=== About this exercise ===
First find the line with "Nintendo 3DS, Red", then reproduce it and all following lines of the data to the end, exactly and with no pictures, adding nothing.
>>>>
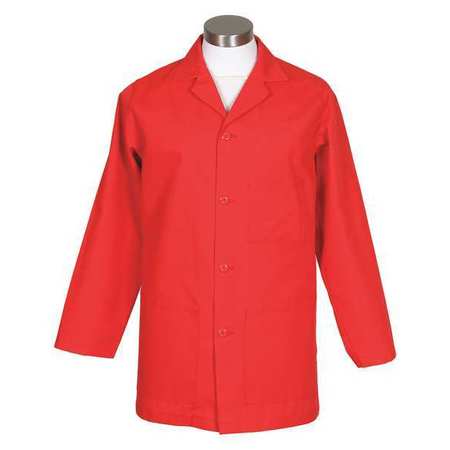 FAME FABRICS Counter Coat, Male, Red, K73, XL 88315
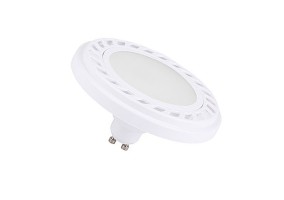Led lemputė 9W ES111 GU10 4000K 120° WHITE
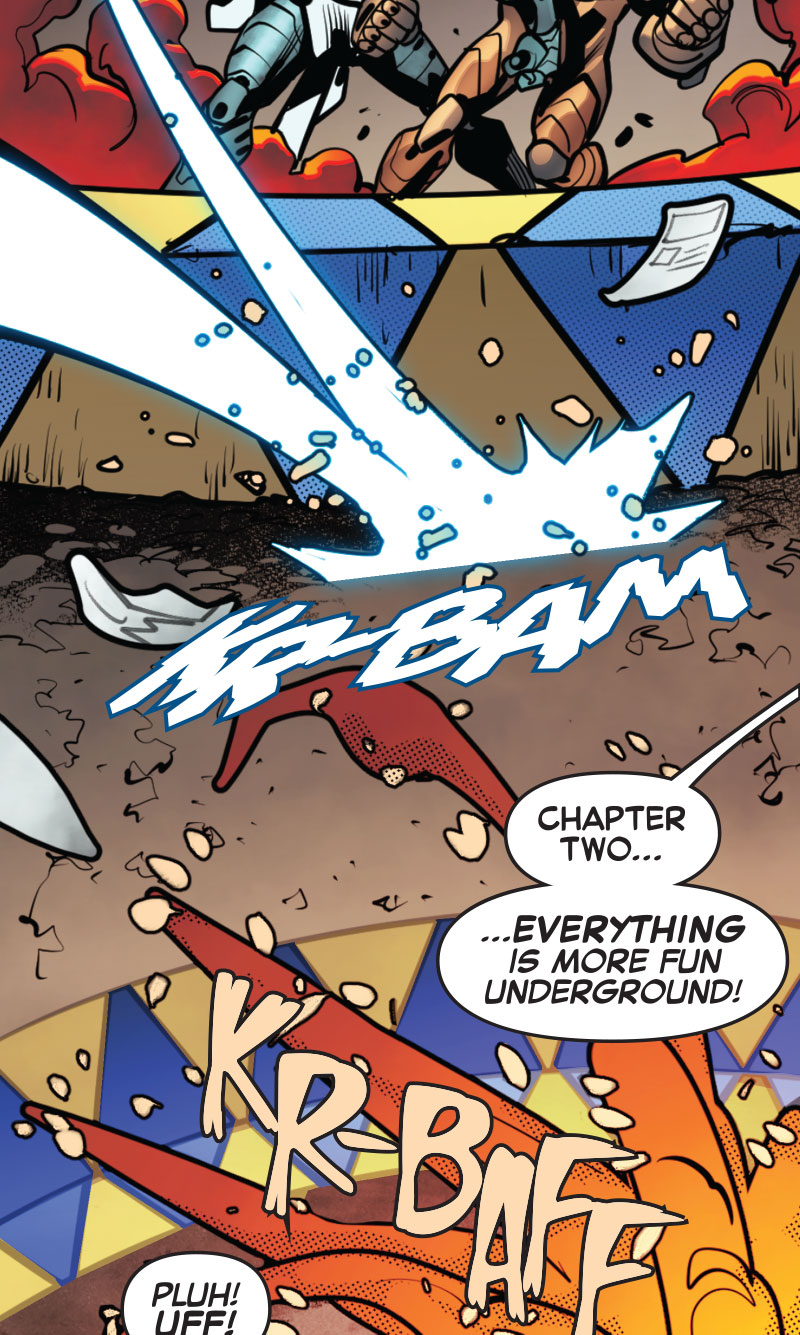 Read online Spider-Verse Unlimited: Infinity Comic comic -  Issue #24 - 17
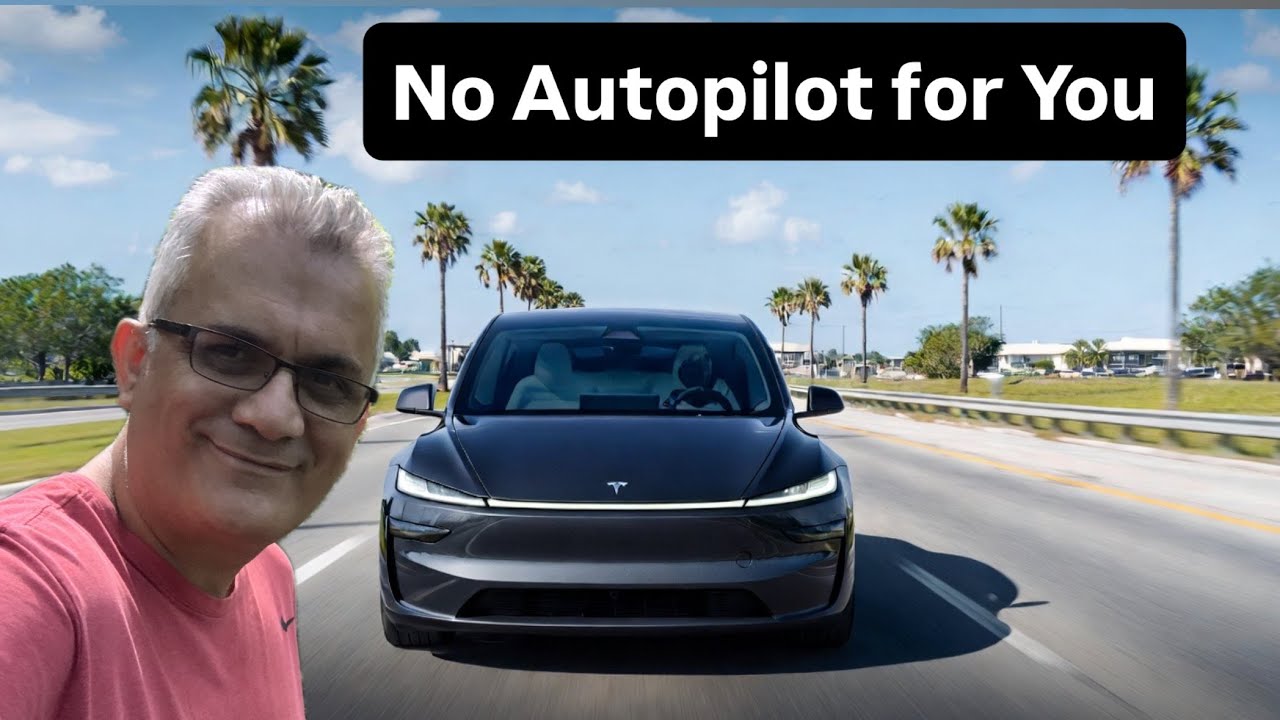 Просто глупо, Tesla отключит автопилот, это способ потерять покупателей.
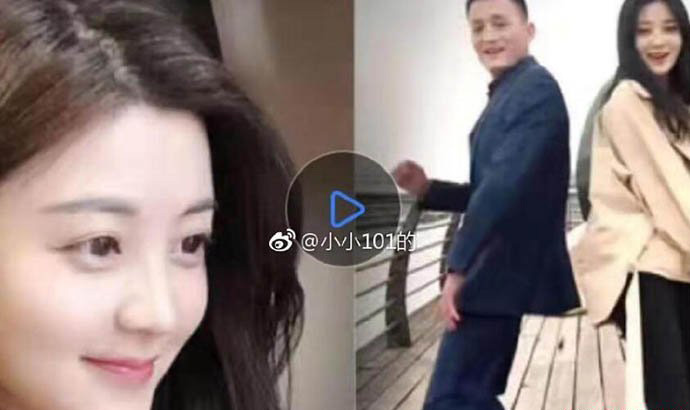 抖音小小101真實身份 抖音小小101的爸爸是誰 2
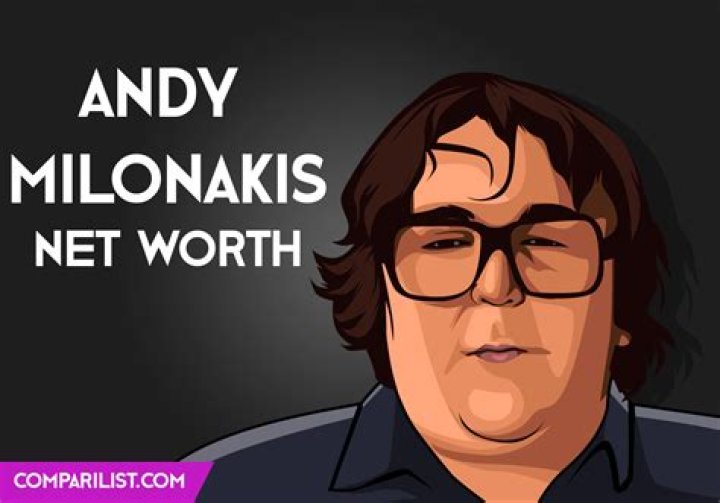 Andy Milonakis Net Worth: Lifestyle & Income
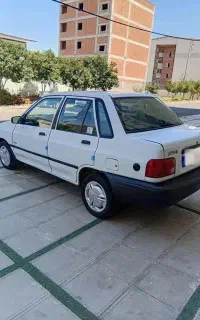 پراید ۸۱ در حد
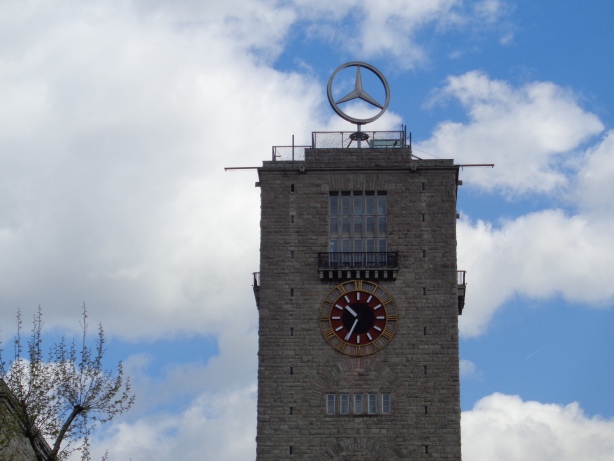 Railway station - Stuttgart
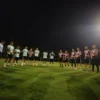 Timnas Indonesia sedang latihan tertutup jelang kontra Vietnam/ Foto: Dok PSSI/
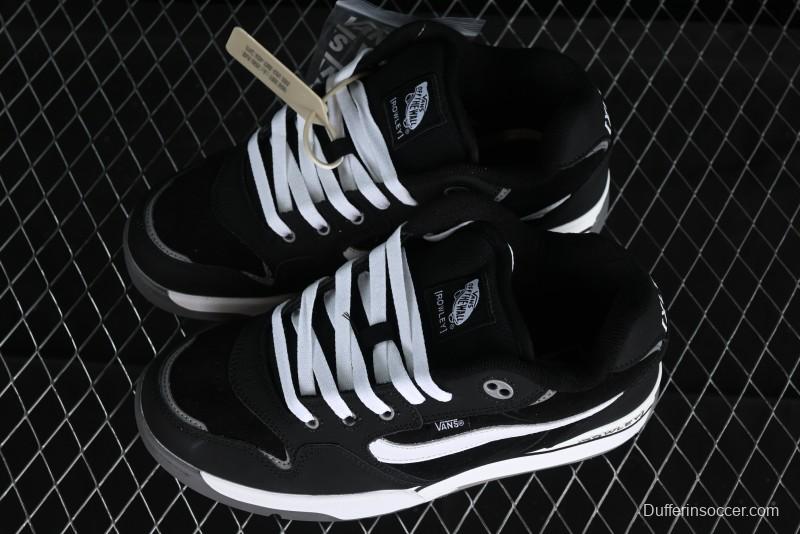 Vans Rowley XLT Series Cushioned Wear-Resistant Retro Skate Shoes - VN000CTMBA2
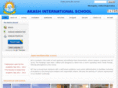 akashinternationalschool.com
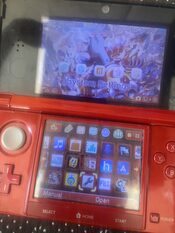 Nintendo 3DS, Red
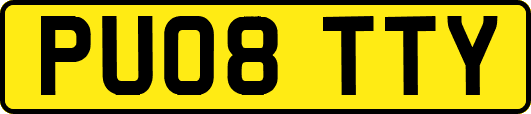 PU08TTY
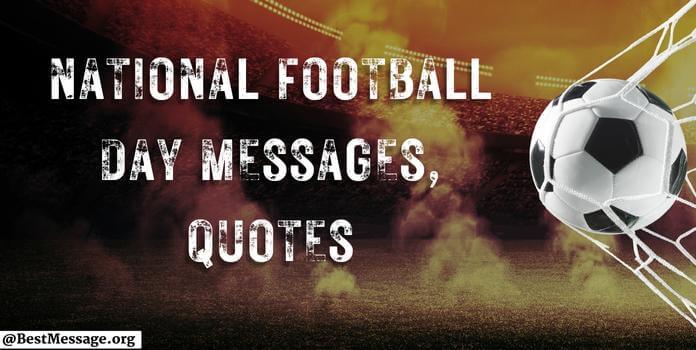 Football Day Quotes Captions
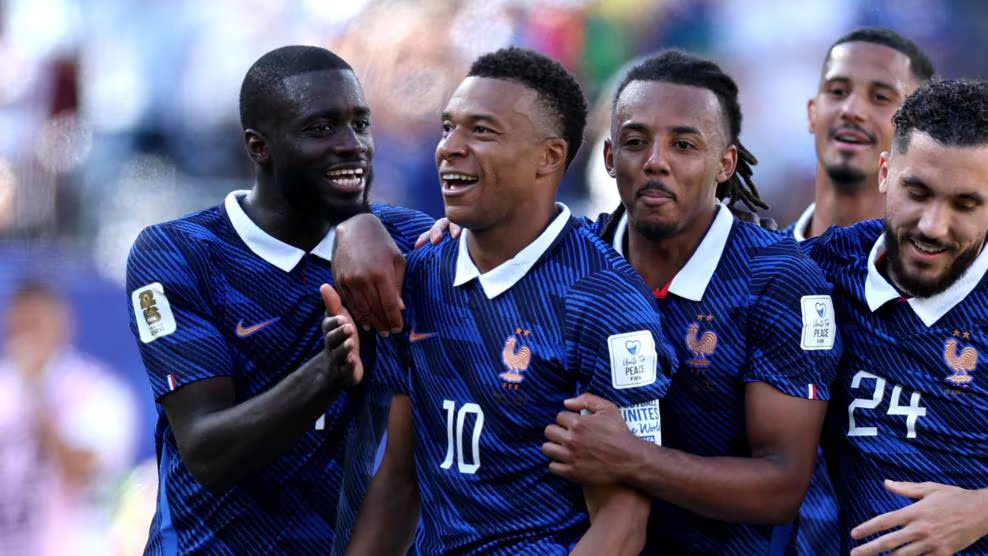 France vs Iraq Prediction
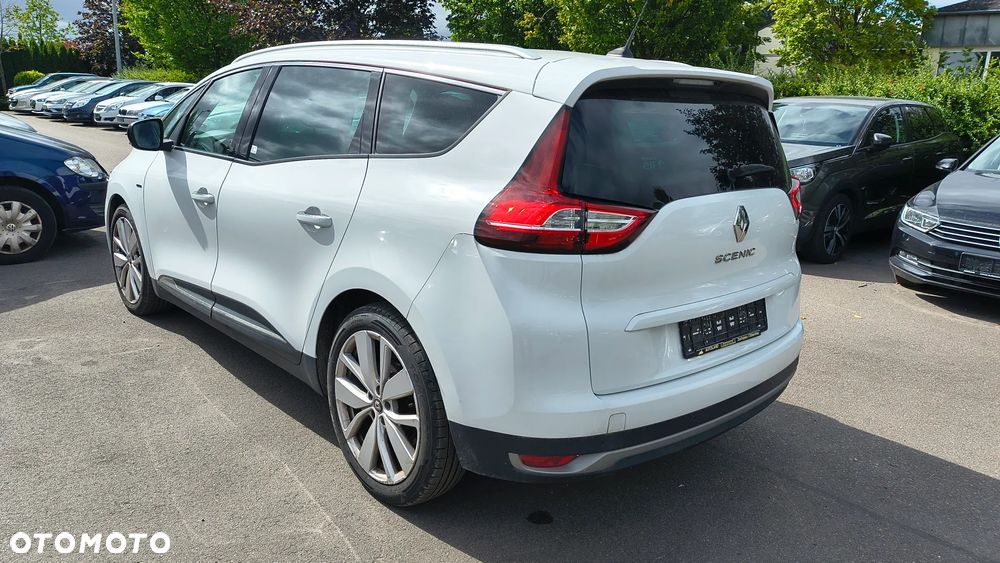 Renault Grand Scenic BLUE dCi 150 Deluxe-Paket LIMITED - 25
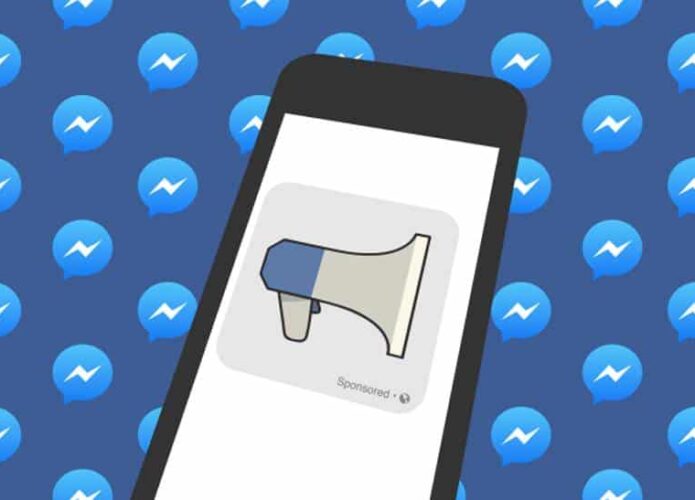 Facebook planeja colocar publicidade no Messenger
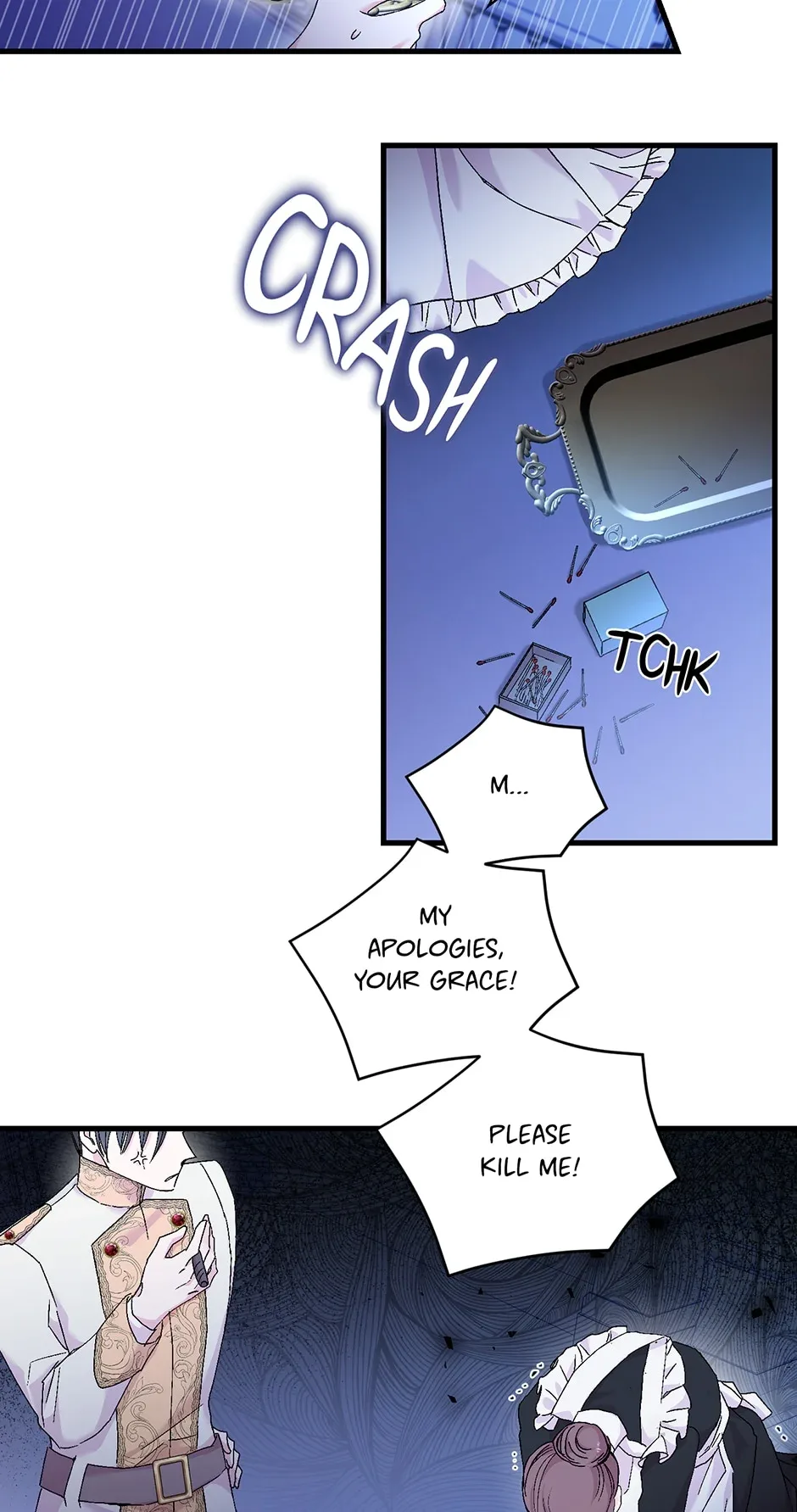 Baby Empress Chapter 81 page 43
<<<<
=== Task response ===
 Nintendo 3DS, Red
 PU08TTY
 Football Day Quotes Captions
 France vs Iraq Prediction
 Renault Grand Scenic BLUE dCi 150 Deluxe-Paket LIMITED - 25
 Facebook planeja colocar publicidade no Messenger
 Baby Empress Chapter 81 page 43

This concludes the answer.